Thursday, January 22, 2009 

character

Watch your thoughts; they become words.
Watch your words; they become actions.
Watch your actions; they become habits.
Watch your habits; they become character.
Watch your character; it becomes your destiny.

These words came through the (e)mail today. And these are the Words of the Bible:

Character of the New Man
Therefore, as the elect of God, holy and beloved, put on tender mercies, kindness, humility, meekness, longsuffering; bearing with one another, and forgiving one another, if anyone has a complaint against another; even as Christ forgave you, so you also must do. But above all these things put on love, which is the bond of perfection. And let the peace of God rule in your hearts, to which also you were called in one body; and be thankful.
(Colossians 3:12-15)

Have you attained the character of the New Man? Have I?

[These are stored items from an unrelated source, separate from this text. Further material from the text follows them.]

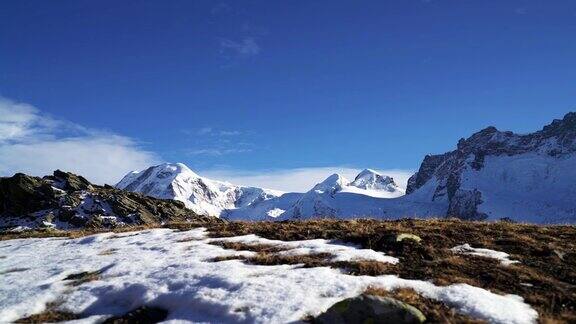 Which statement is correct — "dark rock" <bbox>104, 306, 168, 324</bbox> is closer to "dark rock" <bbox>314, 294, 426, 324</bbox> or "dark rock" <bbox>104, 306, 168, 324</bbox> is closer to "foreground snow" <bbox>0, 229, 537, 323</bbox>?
"foreground snow" <bbox>0, 229, 537, 323</bbox>

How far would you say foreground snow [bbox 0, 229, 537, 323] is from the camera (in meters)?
13.4

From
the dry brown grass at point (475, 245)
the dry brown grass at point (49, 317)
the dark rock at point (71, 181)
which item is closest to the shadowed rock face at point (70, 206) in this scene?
the dark rock at point (71, 181)

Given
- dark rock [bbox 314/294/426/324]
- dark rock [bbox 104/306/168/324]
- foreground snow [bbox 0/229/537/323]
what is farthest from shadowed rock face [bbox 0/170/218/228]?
dark rock [bbox 314/294/426/324]

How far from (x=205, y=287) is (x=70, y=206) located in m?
70.5

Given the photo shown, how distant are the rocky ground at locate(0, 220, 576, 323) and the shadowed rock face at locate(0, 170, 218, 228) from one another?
2012 inches

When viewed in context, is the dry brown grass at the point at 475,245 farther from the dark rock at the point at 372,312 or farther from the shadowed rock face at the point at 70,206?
the shadowed rock face at the point at 70,206

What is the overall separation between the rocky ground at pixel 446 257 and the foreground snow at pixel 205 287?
1.63ft

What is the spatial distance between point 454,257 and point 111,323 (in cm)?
1093

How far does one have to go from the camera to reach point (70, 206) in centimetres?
7912

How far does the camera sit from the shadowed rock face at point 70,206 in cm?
7519

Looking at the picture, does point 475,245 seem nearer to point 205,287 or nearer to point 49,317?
point 205,287

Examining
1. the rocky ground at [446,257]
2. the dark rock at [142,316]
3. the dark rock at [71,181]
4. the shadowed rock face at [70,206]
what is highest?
the dark rock at [71,181]

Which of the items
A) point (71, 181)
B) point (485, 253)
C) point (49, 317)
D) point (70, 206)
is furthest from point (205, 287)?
point (71, 181)

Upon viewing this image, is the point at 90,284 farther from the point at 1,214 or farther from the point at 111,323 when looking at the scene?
the point at 1,214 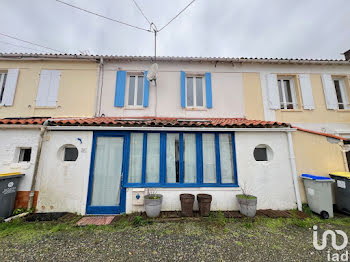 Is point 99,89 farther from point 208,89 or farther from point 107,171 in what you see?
point 208,89

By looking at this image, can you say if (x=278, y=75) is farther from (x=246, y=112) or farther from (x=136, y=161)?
(x=136, y=161)

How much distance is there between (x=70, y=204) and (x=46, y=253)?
189 centimetres

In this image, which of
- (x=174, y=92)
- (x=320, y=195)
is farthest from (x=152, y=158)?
(x=320, y=195)

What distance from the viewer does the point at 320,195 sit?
479cm

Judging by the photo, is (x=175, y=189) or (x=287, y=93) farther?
(x=287, y=93)

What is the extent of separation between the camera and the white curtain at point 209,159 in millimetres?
5273

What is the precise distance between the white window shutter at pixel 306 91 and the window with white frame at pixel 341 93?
6.09 ft

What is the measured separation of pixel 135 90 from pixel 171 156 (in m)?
4.73

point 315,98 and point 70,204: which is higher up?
point 315,98

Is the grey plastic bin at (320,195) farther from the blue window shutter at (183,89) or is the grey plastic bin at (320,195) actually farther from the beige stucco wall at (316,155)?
the blue window shutter at (183,89)

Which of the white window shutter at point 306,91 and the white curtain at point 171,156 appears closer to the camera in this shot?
the white curtain at point 171,156

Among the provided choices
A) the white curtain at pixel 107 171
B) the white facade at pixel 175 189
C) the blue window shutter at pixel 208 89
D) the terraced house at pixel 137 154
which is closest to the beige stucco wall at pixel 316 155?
the terraced house at pixel 137 154

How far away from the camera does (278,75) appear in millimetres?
8266

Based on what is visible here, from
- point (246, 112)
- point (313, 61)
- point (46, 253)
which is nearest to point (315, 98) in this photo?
point (313, 61) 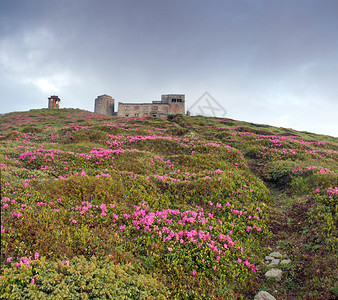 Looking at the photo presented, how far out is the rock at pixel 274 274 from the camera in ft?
22.0

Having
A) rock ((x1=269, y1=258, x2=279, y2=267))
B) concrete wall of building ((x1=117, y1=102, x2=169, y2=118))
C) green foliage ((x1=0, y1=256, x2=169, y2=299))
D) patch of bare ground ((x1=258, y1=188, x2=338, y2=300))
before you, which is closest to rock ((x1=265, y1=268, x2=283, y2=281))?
patch of bare ground ((x1=258, y1=188, x2=338, y2=300))

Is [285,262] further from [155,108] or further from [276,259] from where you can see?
[155,108]

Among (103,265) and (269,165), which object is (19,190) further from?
(269,165)

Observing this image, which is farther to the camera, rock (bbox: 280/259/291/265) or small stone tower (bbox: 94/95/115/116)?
small stone tower (bbox: 94/95/115/116)

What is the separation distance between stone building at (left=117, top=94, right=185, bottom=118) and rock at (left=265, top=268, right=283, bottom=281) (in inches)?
3748

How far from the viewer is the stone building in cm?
10019

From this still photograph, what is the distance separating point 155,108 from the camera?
335 feet

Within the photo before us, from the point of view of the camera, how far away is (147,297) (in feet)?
16.5

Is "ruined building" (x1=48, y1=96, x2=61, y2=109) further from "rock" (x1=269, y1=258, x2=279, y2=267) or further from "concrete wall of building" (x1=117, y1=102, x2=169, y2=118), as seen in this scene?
"rock" (x1=269, y1=258, x2=279, y2=267)

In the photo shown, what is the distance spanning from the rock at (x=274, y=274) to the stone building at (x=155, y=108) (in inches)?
3748

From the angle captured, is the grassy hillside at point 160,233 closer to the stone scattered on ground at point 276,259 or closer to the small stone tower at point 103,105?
the stone scattered on ground at point 276,259

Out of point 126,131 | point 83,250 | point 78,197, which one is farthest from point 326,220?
point 126,131

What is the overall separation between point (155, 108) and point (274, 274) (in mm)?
98342

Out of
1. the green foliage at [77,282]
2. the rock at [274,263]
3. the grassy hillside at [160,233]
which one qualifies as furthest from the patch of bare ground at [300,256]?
the green foliage at [77,282]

But I guess, the more important question is, are we working towards having this character as our own? Remember, it will determine our 'destiny'.

Sunday, January 18, 2009 

Forgiveness

Thoughts of running away surfaced again.

I am feeling tired. It has only been one week of school but already I feel the pressure. I am feeling tired physically, because of the lack of rest these two days; but I am also feeling quite tired mentally. Maybe it's the pressure to work really hard this semester. Or the pressure to make sure I don't waste away this last semester. Or the pressure to really move on and make good and full use of my life that God has given me. But yet my weakness continues to stay with me. I can't get rid of it. I can't do what God would be pleased to see me do. I can't do that which would bring shame to the devil but glory to God. I don't want to continue like this for another five years. I can't imagine how that five years would be like. It will be a total waste of time, and probably by then I will be like a walking zombie.

One thought came to my mind today.

Forgiveness.

I came across this video the other day and it has been on my mind...



Were you touched (if you understand the chinese characters or the cantonese) by it?

I realised that I am still not able to forgive. I asked God to help me forgive, as God had forgiven me. Then suddenly I thought, maybe the reason why I can't feel the complete forgiveness of God is because I haven't completely forgiven others? I don't know if this is erroneous belief. But I had a sudden thought that the day or the moment I can finally really forgive others, I would also feel the forgiveness of God then. I had the thought that I would be freed then. I would experience true joy and peace at that moment. And I really really yearn for that.

This also made me realised that I might not have forgiven someone from long ago. I always thought that I had forgiven him, that I would even be happy if he would come to the knowledge of the truth. But God wants me to see my own weakness, that I ain't that good.. If he were to really appear in front of me and have his presence around me all the time, can I really take it? If I can't, have I really forgiven him? :( Have I really forgotten the past, the hurt, and the pain?

They say time will heal all things. I only know that I don't want to waste five years (or more!) like this. I want to quickly move on to greater things for God. There really isn't much time left.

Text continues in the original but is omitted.